レジスタンス

英文学史の教科書。長い中世の時代からなかなか抜け出せない。先週はカンタベリー物語を読んだ。カンタベリー大聖堂へ巡礼に行く途中で出会った人たちが、2つずつおもしろい話を披露して、最後に誰の話がいちばんか決めようということになる。いろいろな階級の人たちが集まっているところが文学史的に重要。気高い身分の人もいれば、庶民もいる。高尚な話もあれば、下品な話もある。下品な話が本当に下品で、笑いのつぼに共感できない。あくまでも勉強だからと割り切るが、たまに「私は何をやってるんだろう」と天井を見上げる。

かたやアメリカはなんかもうわけがわからない。日本のメディアは情報を積極的に出さない。アメリカ人の友人は体調を崩している。「今、こんな状態なんだよ!」とYouTubeのリンクを次々と送ってきてくれるのだけど、警告的な動画を見続けていると私の調子も狂う。私の頭がイギリスの中世にいることを相手は知っている。それに対して、「もっと外の世界を見て!」と言われているようで嫌だ。選挙が終わった時点で予想できたことだけど、「私は今のタイミングで米文学専攻で院進して何ができるんだろう」とも思う。

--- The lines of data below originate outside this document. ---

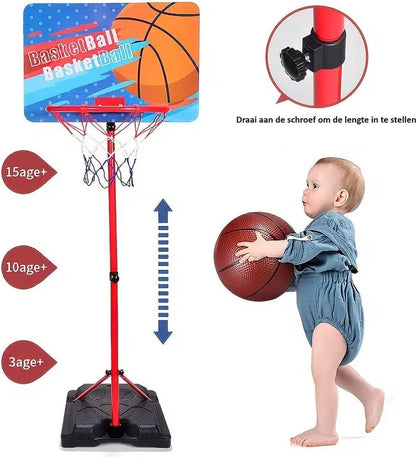 Basketbalpaal inclusief basketbalbord - Basketbalring - Verstelbaar in hoogte - 1,2 m tot 2,1 m - Basketbalring met Standaard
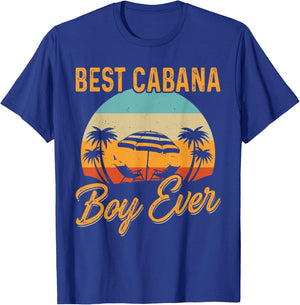 Best Cabana Boy Ever Sunset Palm Trees Funny Novelty T-Shirt - T-Shirt | Royal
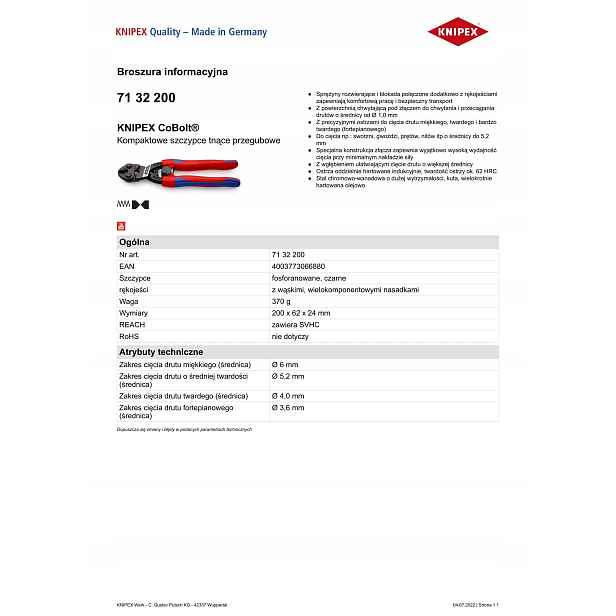Kompaktní Kloubové Štípací Kleště Cobolt 200 MM Kn 71 32 200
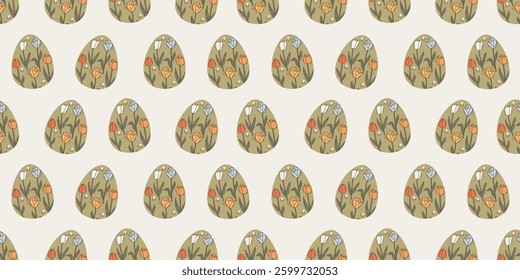 Cute hand drawn easter horizontal seamless vector pattern illustration with green egg with colorful tulips flower on white background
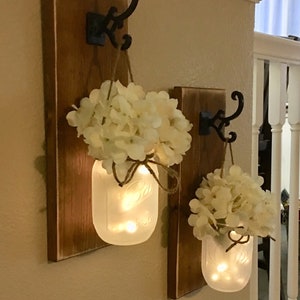 Farmhouse Wall Decor,Home Decor,Farmhouse Living Room Decor,Farmhouse Kitchen Decor,Farmhouse Chic Sconce,Farmhouse Sconce, Mason Jar Sconce image 6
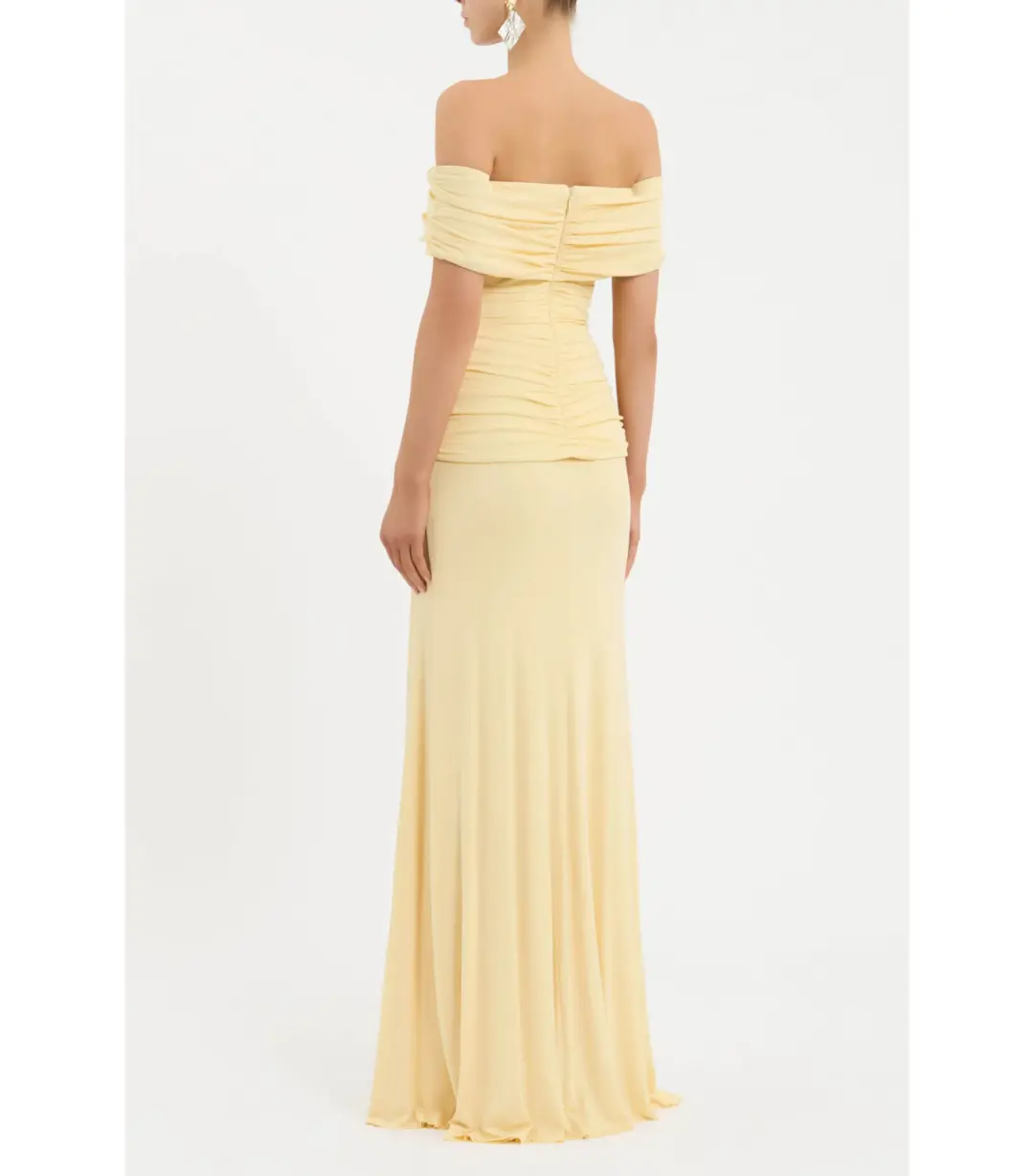 Rebecca Vallance Zaley Off The Shoulder Maxi Dress Yellow Size AU 6 for rent on The Volte - main image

私はXにあまり文章を書かない。キャベツが高い、お米が高い、今日はもやしを多めにしよう、ああ目標のページまで読みきれなかったとか考える生活の断片の写真が、主な投稿だ。書きたいことはこちらのウェブサイトに書く。それはXのトップの人間に私が侵食されないようにするための防衛だ。退会しようとは思わない。他のメディアから情報を得ながらも、あのプラットフォームがどうなっていくのか、中にいて観察しないといけないと思っている。アメリカの教育機関が破壊されます、人々が体制にNOと言えなくなるように教育機会が奪われます、勉強系アカウントが凍結されます、となれば居場所はなくなるだろうが。

たいていの時間をひとりで過ごしている。静かな混乱の中にいる。「何ができる?」を考えると絶望してしまうから、「何をしたい?」で日々を満たすように努める。学びたい。読書と勉強と書きものを続けることが、私の体力作りであり、戦いへの準備であり、抵抗だ。